(Problem description):
The listing is to be reproduced exactly, excluding its pictures.

(Data for review):
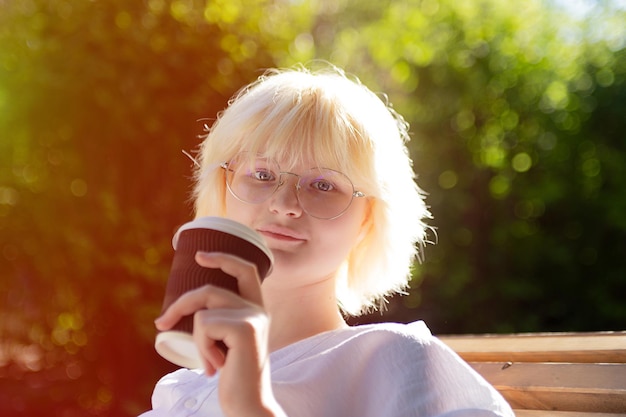 Teenager-Mädchen mit blonden Hören Kaffeetrinken aus Craft Pappbecher Outsidesunlight auf Hintergrund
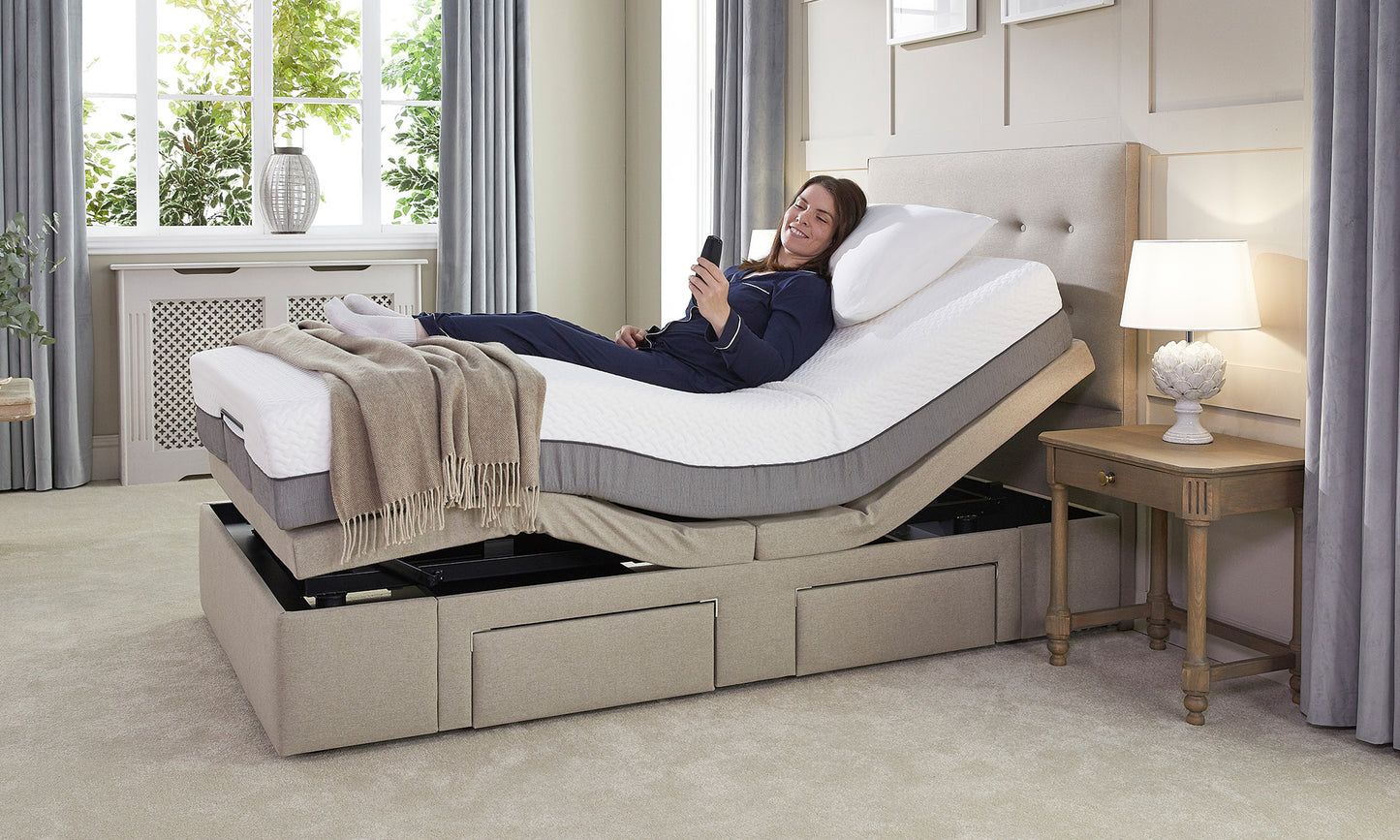 Woman lying on an adjustable bed in a bedroom setting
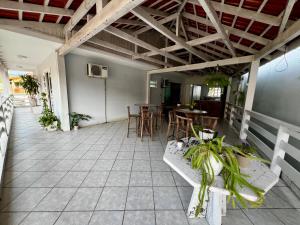a patio with tables and chairs in a building at Casa com churrasqueira e ar para até 8 pessoas in Guabiruba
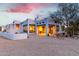 Charming single-story home with a stucco exterior, desert landscaping, and covered patio seating at 37646 N Dream St, Carefree, AZ 85377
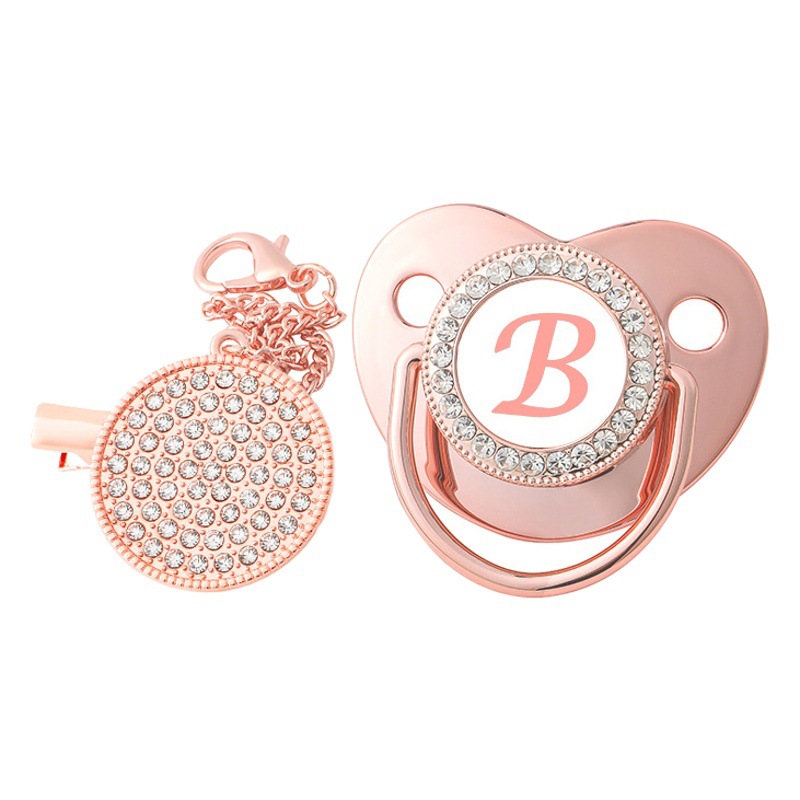 Producto caliente transfronterizo bebé 26 letras de oro rosa calmante pezón destete bebé punto diamante jugar boca con cubierta de polvo
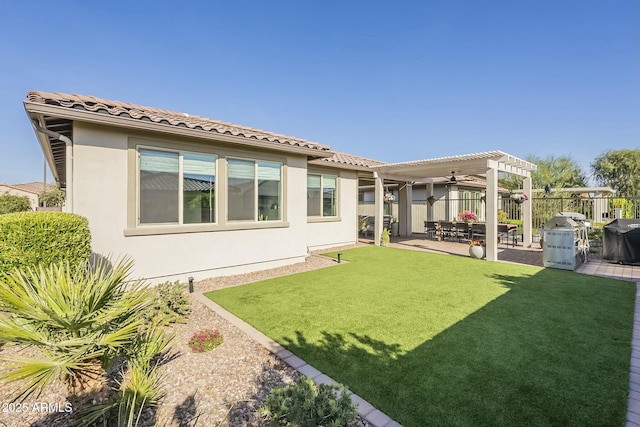 back of house with a pergola, a yard, and a patio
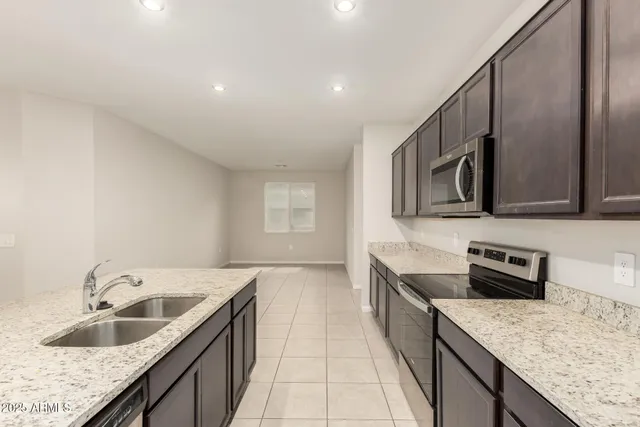 a kitchen with stainless steel appliances granite countertop a sink and a refrigerator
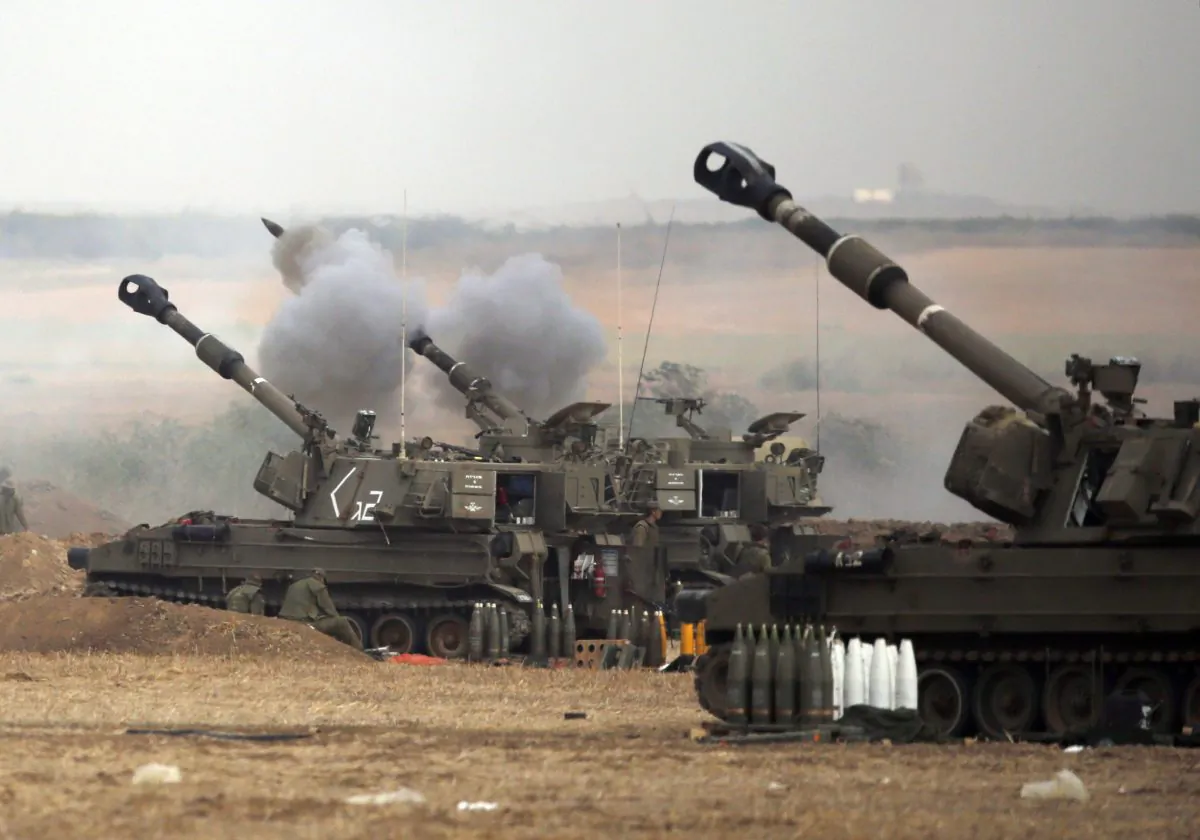 An Israeli artillery fires a 155mm shell towards targets in the Gaza Strip from their position near Israel's border with the Strip on July 20, 2014.  (Jack Guez/AFP/Getty Images)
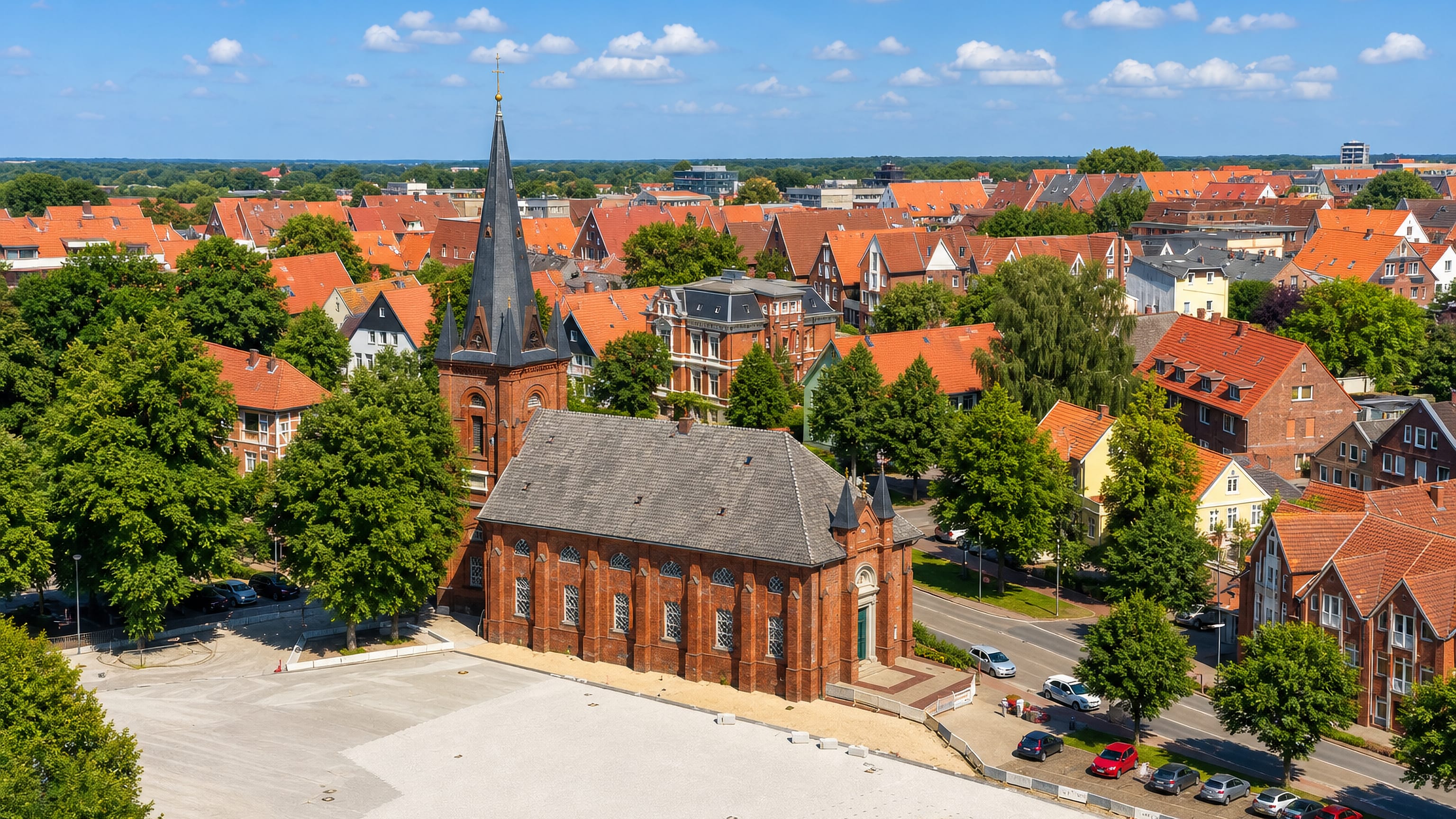 Red-tiled rooftops and a brick church spire above the old town quarter of Ritzebuettel in Cuxhaven.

(Finished exercise):
 Teenager-Mädchen mit blonden Hören Kaffeetrinken aus Craft Pappbecher Outsidesunlight auf Hintergrund
 Woman lying on an adjustable bed in a bedroom setting
a patio with tables and chairs in a building at Casa com churrasqueira e ar para até 8 pessoas in Guabiruba
 Charming single-story home with a stucco exterior, desert landscaping, and covered patio seating at 37646 N Dream St, Carefree, AZ 85377
 Producto caliente transfronterizo bebé 26 letras de oro rosa calmante pezón destete bebé punto diamante jugar boca con cubierta de polvo
 back of house with a pergola, a yard, and a patio
 a kitchen with stainless steel appliances granite countertop a sink and a refrigerator
 An Israeli artillery fires a 155mm shell towards targets in the Gaza Strip from their position near Israel's border with the Strip on July 20, 2014.  (Jack Guez/AFP/Getty Images)
 Red-tiled rooftops and a brick church spire above the old town quarter of Ritzebuettel in Cuxhaven.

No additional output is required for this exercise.